▶ _Source data_:
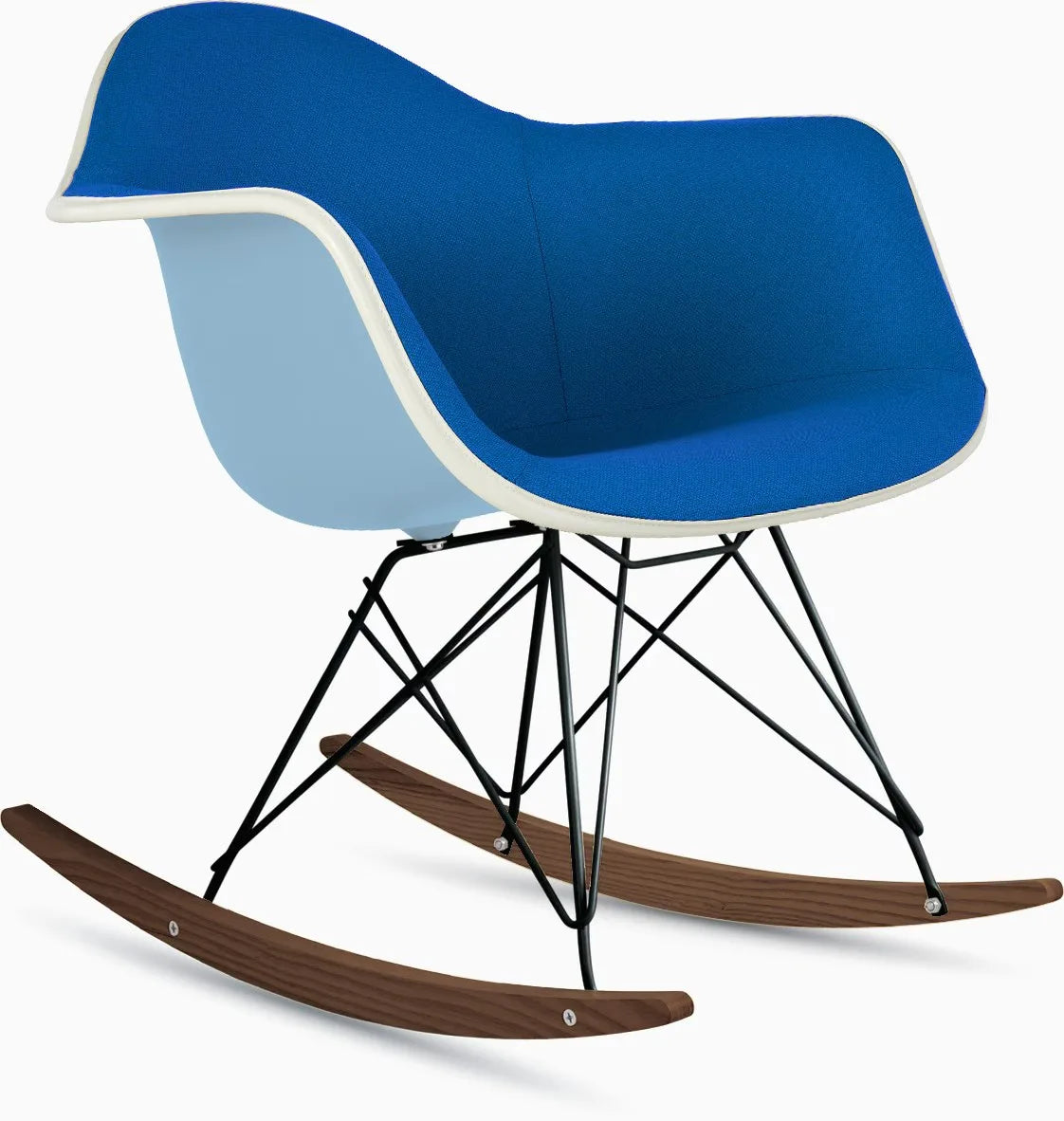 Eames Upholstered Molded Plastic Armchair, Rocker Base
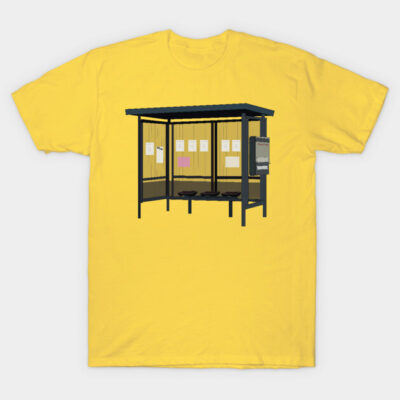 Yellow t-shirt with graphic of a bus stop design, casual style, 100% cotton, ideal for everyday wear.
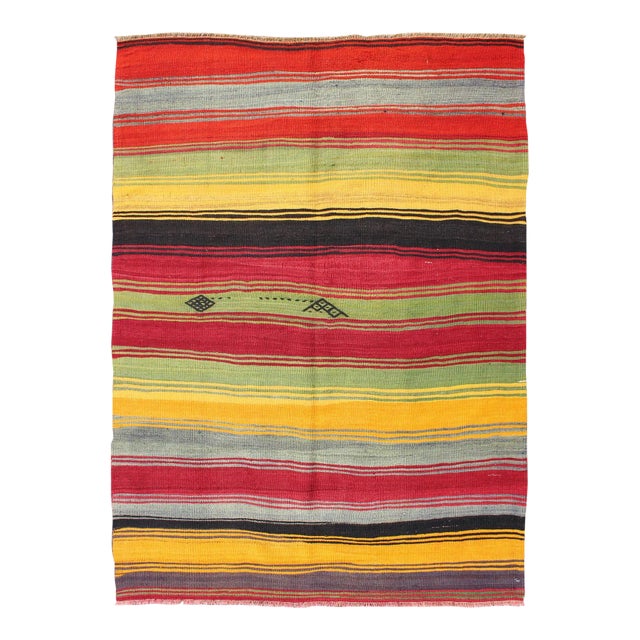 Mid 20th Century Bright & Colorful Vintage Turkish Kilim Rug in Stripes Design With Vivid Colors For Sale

▶ _Work instruction_:
Transcribe the preceding listing in its entirety and with exact wording, leaving out pictures.

▶ _Result of the task_:
 Eames Upholstered Molded Plastic Armchair, Rocker Base
 Yellow t-shirt with graphic of a bus stop design, casual style, 100% cotton, ideal for everyday wear.
 Mid 20th Century Bright & Colorful Vintage Turkish Kilim Rug in Stripes Design With Vivid Colors For Sale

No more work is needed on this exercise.